-- WHAT IS BEING ASKED --
Restate the full listing word for word and leave the pictures out.

-- SOURCE MATERIAL --

>>>

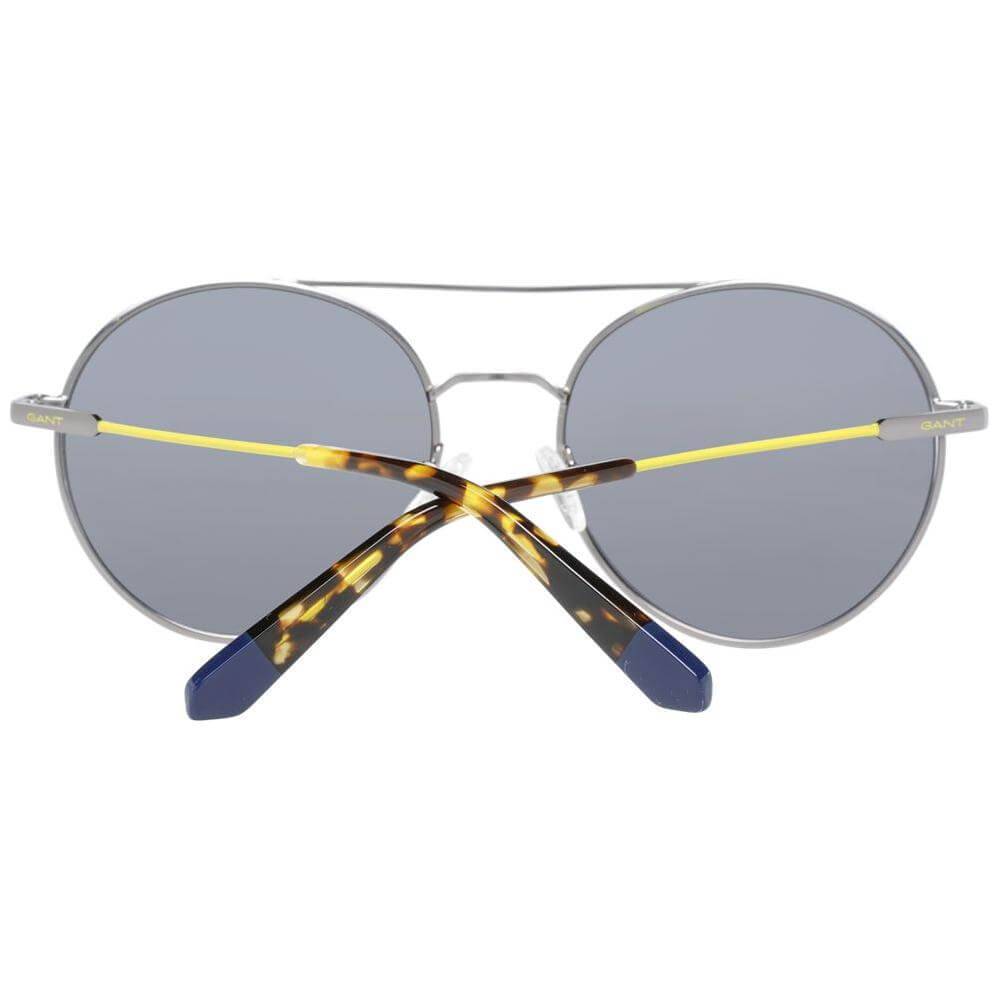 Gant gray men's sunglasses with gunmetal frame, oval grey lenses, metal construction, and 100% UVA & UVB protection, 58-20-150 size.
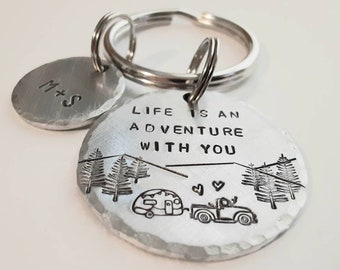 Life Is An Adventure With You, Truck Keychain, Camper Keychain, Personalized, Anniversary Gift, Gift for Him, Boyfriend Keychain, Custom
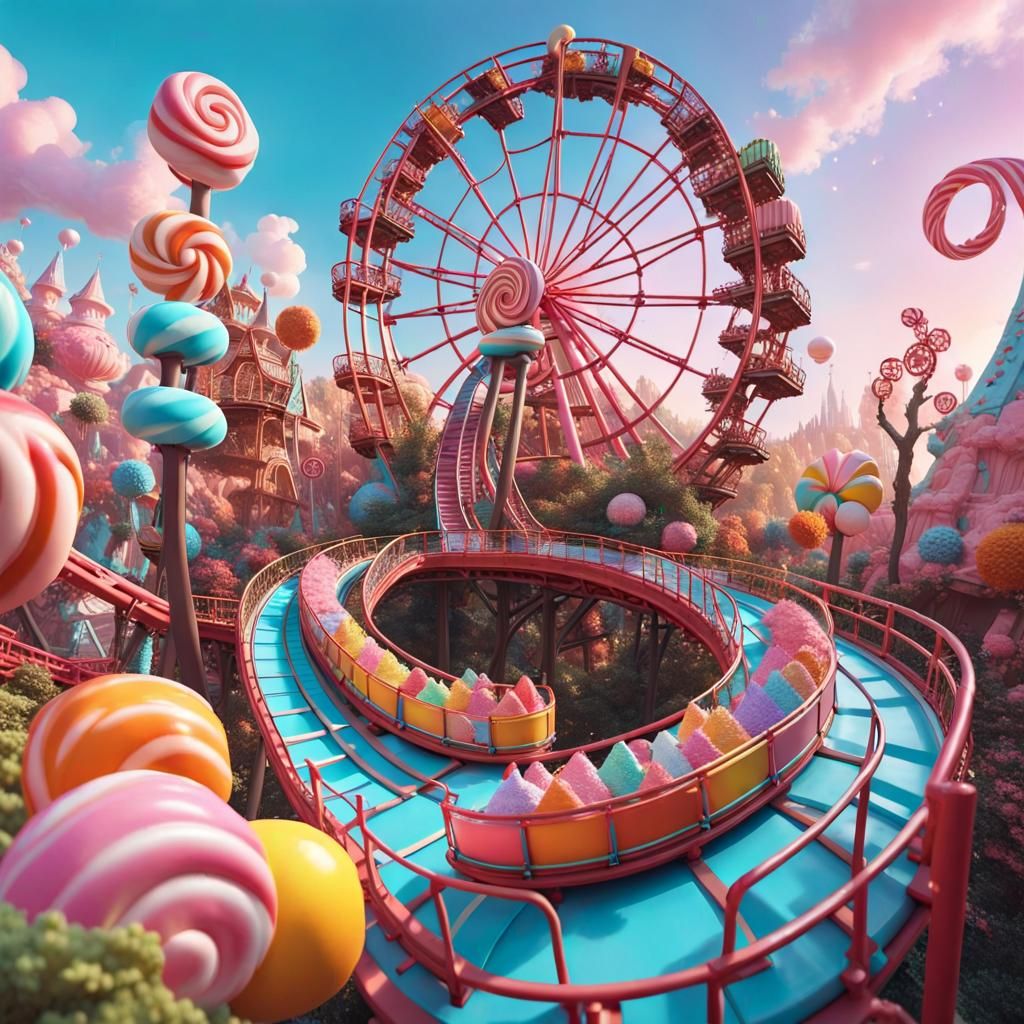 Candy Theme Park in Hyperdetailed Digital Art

<<<

-- COMPLETED TASK --
 Gant gray men's sunglasses with gunmetal frame, oval grey lenses, metal construction, and 100% UVA & UVB protection, 58-20-150 size.
 Life Is An Adventure With You, Truck Keychain, Camper Keychain, Personalized, Anniversary Gift, Gift for Him, Boyfriend Keychain, Custom
 Candy Theme Park in Hyperdetailed Digital Art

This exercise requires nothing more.